• _TASK BRIEF_
A word-for-word repeat of all the data is the goal.

Web page caption snippets

※ ※ ※

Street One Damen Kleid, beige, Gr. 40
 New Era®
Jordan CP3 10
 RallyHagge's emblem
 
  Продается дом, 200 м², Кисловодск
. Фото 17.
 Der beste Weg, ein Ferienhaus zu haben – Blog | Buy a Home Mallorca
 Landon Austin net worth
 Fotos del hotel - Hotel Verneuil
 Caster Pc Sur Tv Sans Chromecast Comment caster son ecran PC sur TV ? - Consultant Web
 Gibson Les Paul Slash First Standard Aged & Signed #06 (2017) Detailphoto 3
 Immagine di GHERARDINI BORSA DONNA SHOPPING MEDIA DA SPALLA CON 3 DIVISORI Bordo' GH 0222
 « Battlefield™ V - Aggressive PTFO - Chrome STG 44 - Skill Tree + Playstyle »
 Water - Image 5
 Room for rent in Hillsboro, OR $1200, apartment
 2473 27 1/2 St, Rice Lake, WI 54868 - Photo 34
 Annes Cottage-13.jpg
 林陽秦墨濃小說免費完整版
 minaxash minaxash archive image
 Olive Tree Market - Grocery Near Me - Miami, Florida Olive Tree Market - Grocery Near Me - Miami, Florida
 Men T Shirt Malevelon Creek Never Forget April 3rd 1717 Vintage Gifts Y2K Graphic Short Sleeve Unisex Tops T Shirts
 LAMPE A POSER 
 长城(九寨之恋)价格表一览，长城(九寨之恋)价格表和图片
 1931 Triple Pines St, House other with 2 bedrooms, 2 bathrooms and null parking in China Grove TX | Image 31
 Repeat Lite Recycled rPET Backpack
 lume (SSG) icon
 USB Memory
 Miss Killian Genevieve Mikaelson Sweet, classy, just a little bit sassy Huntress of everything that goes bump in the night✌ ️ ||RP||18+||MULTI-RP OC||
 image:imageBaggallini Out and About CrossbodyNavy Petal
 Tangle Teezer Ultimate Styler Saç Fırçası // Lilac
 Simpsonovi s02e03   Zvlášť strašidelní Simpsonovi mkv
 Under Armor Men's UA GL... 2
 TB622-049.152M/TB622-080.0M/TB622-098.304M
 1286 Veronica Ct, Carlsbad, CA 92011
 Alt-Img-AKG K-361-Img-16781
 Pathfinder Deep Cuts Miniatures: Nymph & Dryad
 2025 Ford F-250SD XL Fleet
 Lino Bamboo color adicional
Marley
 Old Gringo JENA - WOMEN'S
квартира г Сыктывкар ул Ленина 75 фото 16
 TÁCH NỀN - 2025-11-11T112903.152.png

※ ※ ※

• _SOLUTION TO THIS TASK_
Street One Damen Kleid, beige, Gr. 40
 New Era®
Jordan CP3 10
 RallyHagge's emblem
 
  Продается дом, 200 м², Кисловодск
. Фото 17.
 Der beste Weg, ein Ferienhaus zu haben – Blog | Buy a Home Mallorca
 Landon Austin net worth
 Fotos del hotel - Hotel Verneuil
 Caster Pc Sur Tv Sans Chromecast Comment caster son ecran PC sur TV ? - Consultant Web
 Gibson Les Paul Slash First Standard Aged & Signed #06 (2017) Detailphoto 3
 Immagine di GHERARDINI BORSA DONNA SHOPPING MEDIA DA SPALLA CON 3 DIVISORI Bordo' GH 0222
 « Battlefield™ V - Aggressive PTFO - Chrome STG 44 - Skill Tree + Playstyle »
 Water - Image 5
 Room for rent in Hillsboro, OR $1200, apartment
 2473 27 1/2 St, Rice Lake, WI 54868 - Photo 34
 Annes Cottage-13.jpg
 林陽秦墨濃小說免費完整版
 minaxash minaxash archive image
 Olive Tree Market - Grocery Near Me - Miami, Florida Olive Tree Market - Grocery Near Me - Miami, Florida
 Men T Shirt Malevelon Creek Never Forget April 3rd 1717 Vintage Gifts Y2K Graphic Short Sleeve Unisex Tops T Shirts
 LAMPE A POSER 
 长城(九寨之恋)价格表一览，长城(九寨之恋)价格表和图片
 1931 Triple Pines St, House other with 2 bedrooms, 2 bathrooms and null parking in China Grove TX | Image 31
 Repeat Lite Recycled rPET Backpack
 lume (SSG) icon
 USB Memory
 Miss Killian Genevieve Mikaelson Sweet, classy, just a little bit sassy Huntress of everything that goes bump in the night✌ ️ ||RP||18+||MULTI-RP OC||
 image:imageBaggallini Out and About CrossbodyNavy Petal
 Tangle Teezer Ultimate Styler Saç Fırçası // Lilac
 Simpsonovi s02e03   Zvlášť strašidelní Simpsonovi mkv
 Under Armor Men's UA GL... 2
 TB622-049.152M/TB622-080.0M/TB622-098.304M
 1286 Veronica Ct, Carlsbad, CA 92011
 Alt-Img-AKG K-361-Img-16781
 Pathfinder Deep Cuts Miniatures: Nymph & Dryad
 2025 Ford F-250SD XL Fleet
 Lino Bamboo color adicional
Marley
 Old Gringo JENA - WOMEN'S
квартира г Сыктывкар ул Ленина 75 фото 16
 TÁCH NỀN - 2025-11-11T112903.152.png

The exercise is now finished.